Cloud computing has been defined in a number of ways. Some of the definitions are clear while others add a little bit to the confusion. Is there a way to really clarify just what cloud computing entails?
Wikipedia defines cloud computing this way:
Cloud computing is Internet-based computing, whereby shared resources, software, and information are provided to computers and other devices on demand, like the electricity grid.
Here’s another, similar, definition:
In its simplest form, cloud computing are virtual servers and applications available to us over the internet. This enables an organization to access capabilities beyond its present investment and capabilities in technology.
InfoWorld has a similar definition as well:
Cloud computing encompasses any subscription-based or pay-per-use service that, in real time over the Internet, extends IT’s existing capabilities.
Is the Internet really necessary for cloud computing? One could argue that it is. Obviously, this view has its proponents. But did cloud computing exist prior to the Internet? Again, let’s consult Wikipedia.
The underlying concept of cloud computing dates back to 1960s, when John McCarthy opined that “computation may someday be organized as a public utility”.

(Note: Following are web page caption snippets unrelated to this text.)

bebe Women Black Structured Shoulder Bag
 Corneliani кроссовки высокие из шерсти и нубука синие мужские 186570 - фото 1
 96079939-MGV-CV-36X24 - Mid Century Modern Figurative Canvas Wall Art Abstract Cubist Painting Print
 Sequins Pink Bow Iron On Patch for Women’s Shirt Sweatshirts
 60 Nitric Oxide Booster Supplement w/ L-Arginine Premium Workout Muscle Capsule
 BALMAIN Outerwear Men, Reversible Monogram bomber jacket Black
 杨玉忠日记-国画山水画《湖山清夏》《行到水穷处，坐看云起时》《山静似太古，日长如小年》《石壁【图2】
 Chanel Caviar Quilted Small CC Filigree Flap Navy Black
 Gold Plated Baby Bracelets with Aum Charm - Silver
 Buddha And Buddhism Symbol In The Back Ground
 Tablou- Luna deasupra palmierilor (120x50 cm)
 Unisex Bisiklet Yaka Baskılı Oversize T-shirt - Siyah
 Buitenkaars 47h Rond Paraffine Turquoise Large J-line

Naturally, cloud computing works better through the Internet. It makes data stored in different locations more accessible. One could argue, and I would, that future cloud computing will be conducted entirely online. But it doesn’t need to be.
Suppose, for example, that your company had a large data center in one state and an equally large data center in another state. Suppose that one was online and one was simply a place used for data storage. Suppose that data transferred from your storage facility to other points in your company were all done by disk and external data devices. Would that still be considered cloud computing? I think so.
Cloud computing is simply the distribution of data across multiple data storage units. That’s the most basic form of cloud computing. An extended view is the popular view – that cloud computing must take place in an Internet-connected environment. Just because it most often is doesn’t mean it must necessarily be.